» **TASK INSTRUCTIONS**:
Shown below are entries with pictures; the line with "Men's Blue Stainless" through the line with "Miniatura 4 de" is the span to retype exactly, and the pictures stay out.

(Dataset excerpts)
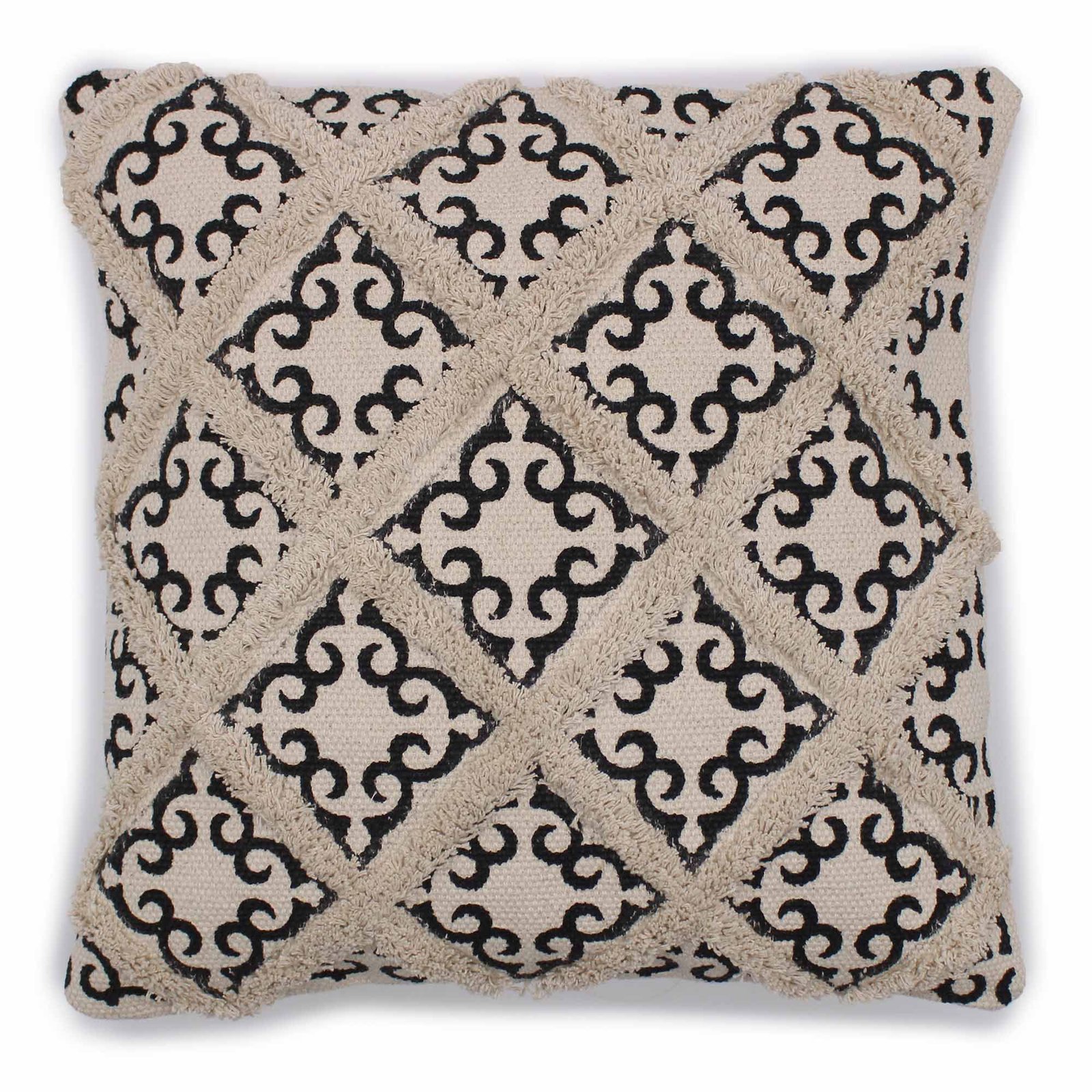 printed cushion cover lux print pattern close-up design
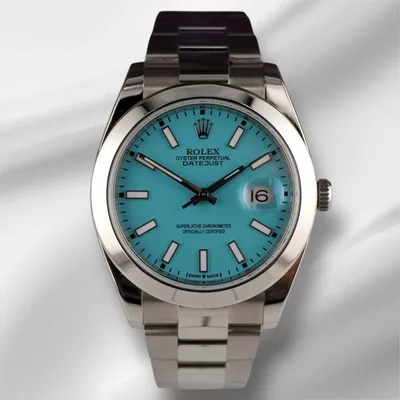 Men's Blue Stainless Steel 41mm Water Resistant Watch thumbnail 10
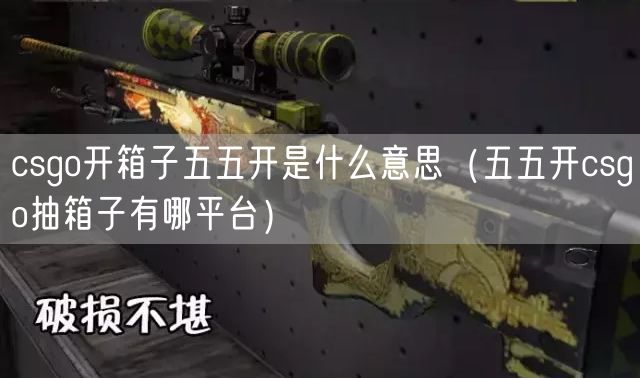 csgo开箱子五五开是什么意思（五五开csgo抽箱子有哪平台）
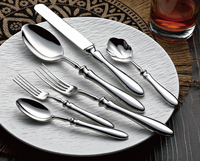 Couteau de haute qualité fourchette cuillère de qualité alimentaire miroir polissage couverts en acier inoxydable argenterie ensembles de couverts de luxe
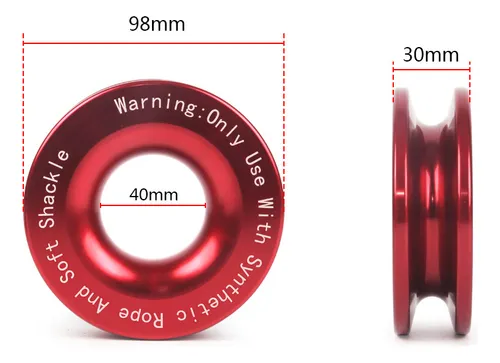 Anillos De Recuperación Winch Snatch Para Vehículos Todo Ter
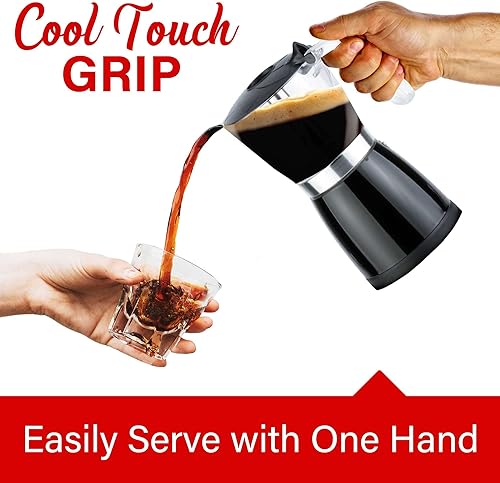 Miniatura 4 de Brentwood TS-119BK - Máquina eléctrica para café expreso, 6 porciones, color negro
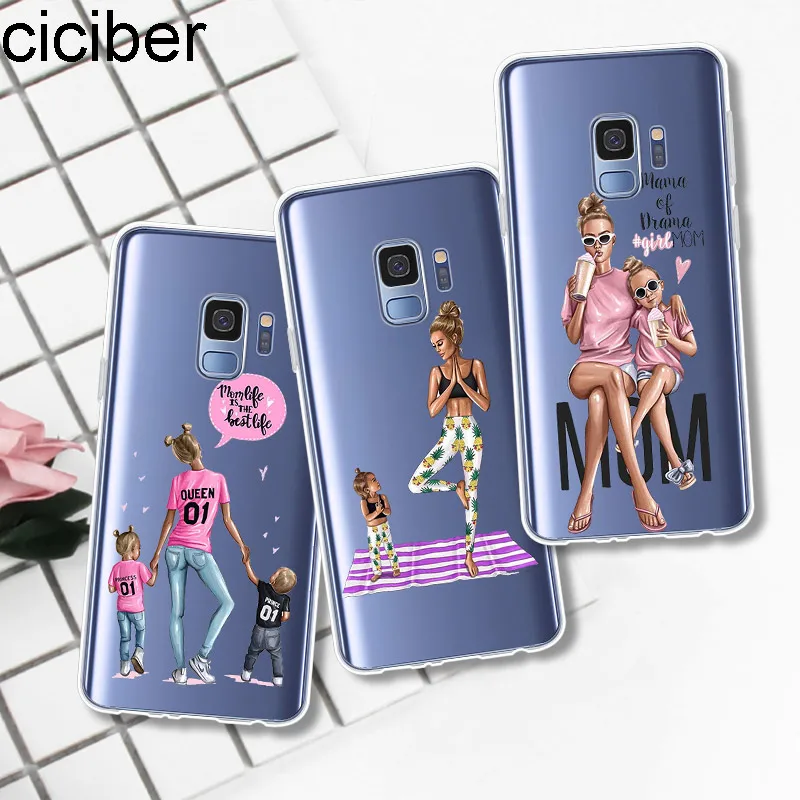 Ciciber queen Super Mom для samsung Galaxy S7 S6 Edge S8 S9 Plus J5 J7 2016 Note 8 A 9 7 6 2018 чехол мягкий TPU телефона Capa
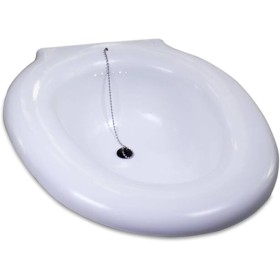 Bidet Portatil. Bidet Portatil para WC con Tapón Incorporado. Baño de Asiento Adaptable a WC. Bidet Sanitario Capacidad 3,5L.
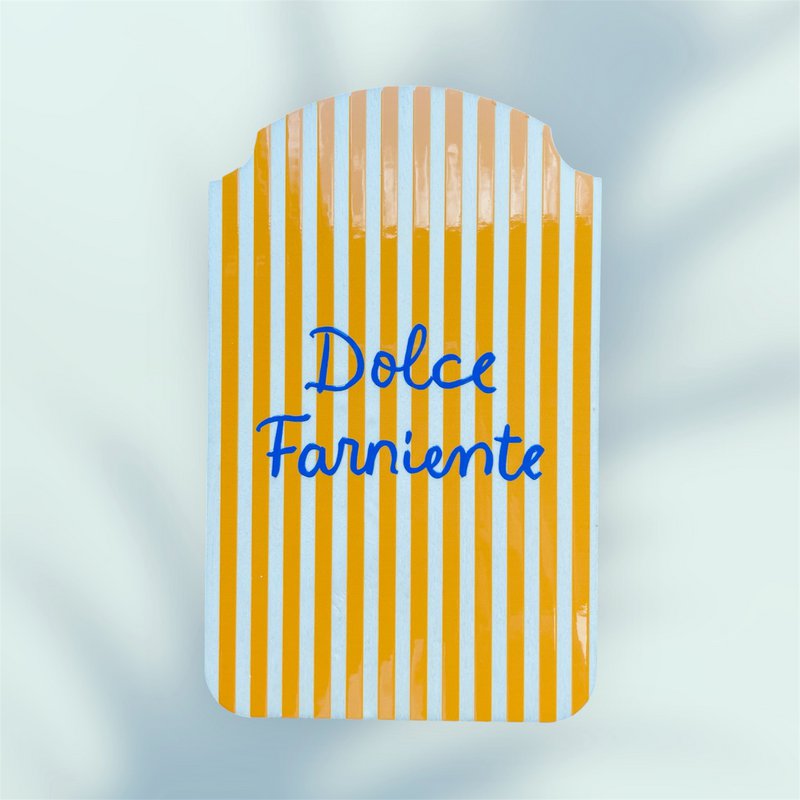 Træ lykønskningskort: Dolce Vita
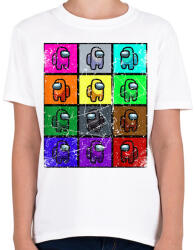 printfashion Among Us - Crew - Gyerek póló - Fehér (3936480)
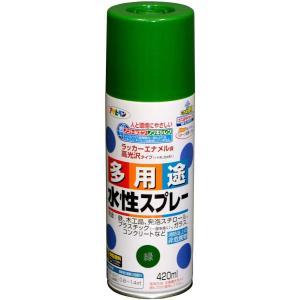 アサヒペン 水溶性多役立つこと吹きつける420ML緑【入数:6】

» **WRITTEN ANSWER**:
 Men's Blue Stainless Steel 41mm Water Resistant Watch thumbnail 10
 csgo开箱子五五开是什么意思（五五开csgo抽箱子有哪平台）
 Couteau de haute qualité fourchette cuillère de qualité alimentaire miroir polissage couverts en acier inoxydable argenterie ensembles de couverts de luxe
 Anillos De Recuperación Winch Snatch Para Vehículos Todo Ter
 Miniatura 4 de Brentwood TS-119BK - Máquina eléctrica para café expreso, 6 porciones, color negro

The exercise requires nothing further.